When I find it necessary to spray Sevin I only spray late in the evening right before dark when nearly all the blossoms have closed for the night and I do my best to do a controlled spray to be sure to miss all blossom material where a bee will light. I know it does alot of good because I never find a bee or bumble bee having trouble in my garden. You can watch them the next morning going flower to flower and doing fine. I never find a dead bee in my garden during my inspections, otherwise I would get upset. 

If you know of a decent way to use poison when necessary let me know what to do better, thanks, ray


----------



## Harry Chickpea (Dec 19, 2008)

Sounds like you are doing fine. FWIW, in south Florida we had some insects that would enter the squash fruit via the flower end. That was one of the discouraging parts of gardening in the tropics.


----------



## Ray (Dec 5, 2002)

boy I hope those devil bugs don't get to my place, what can a person do? I hope there is a predator bug you can get at a reasonable rate!! or a natural predator there for that insect, for all the good it can do, best wishes, ray


----------



## Pony (Jan 6, 2003)

You're doing fine. Sometimes, you have to responsibly use pesticides in order to have food from your garden, and that's just the way it is.
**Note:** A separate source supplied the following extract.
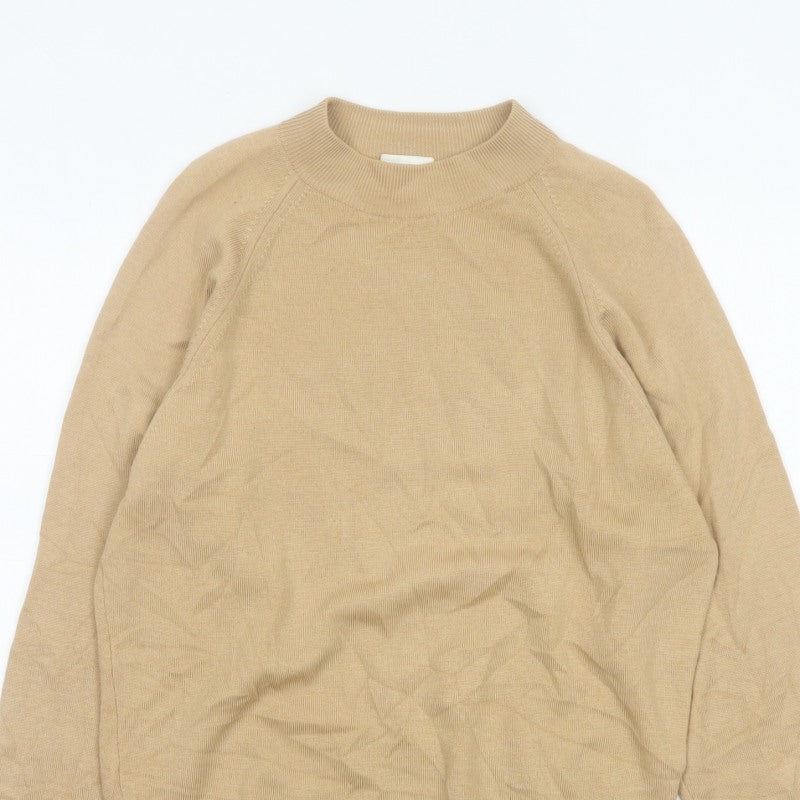 First Avenue Classics Women’s Beige Wool Mock Neck Jumper UK 12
IIRC, isn't Sevin on the "acceptable" list for govt organic certification? I could be wrong, but I seem to recall reading that somewhere...


----------



## wyld thang (Nov 16, 2005)

what bugs are you spraying for?


----------



## Paquebot (May 10, 2002)

Pony said:


> You're doing fine. Sometimes, you have to responsibly use pesticides in order to have food from your garden, and that's just the way it is.
> 
> IIRC, isn't Sevin on the "acceptable" list for govt organic certification? I could be wrong, but I seem to recall reading that somewhere...


Sevin isn't organic but there's a certain rating for each pesticide, organic and non-organic, and Sevin is rated much more safer than a number of approved products. A UW Ext agent who works with state organic certification was a speaker at one of our garden club meetings several years ago. Her topic was pesticide use and how to safely use them. In the end, without expressly saying so, she said that Sevin was the safest and most effective to use even in an organic operation.

Martin


----------



## Tricky Grama (Oct 7, 2006)

I've read that sevin kills bees. Perhaps they just go back home to die?
Have you ever tried garlic pepper spray? VERY effiective , cheap, safe.

Just a couple habenera (?) peppers (have used 5-6 jalapenas when couldn't get habeneras)
Garlic-maybe a whole one or several cloves
cup of water
Blend (in blender) strain, add more water to make a gallon. A squirt of lemon dish detergent, little orange oil (not much b/c it will hurt plants)


----------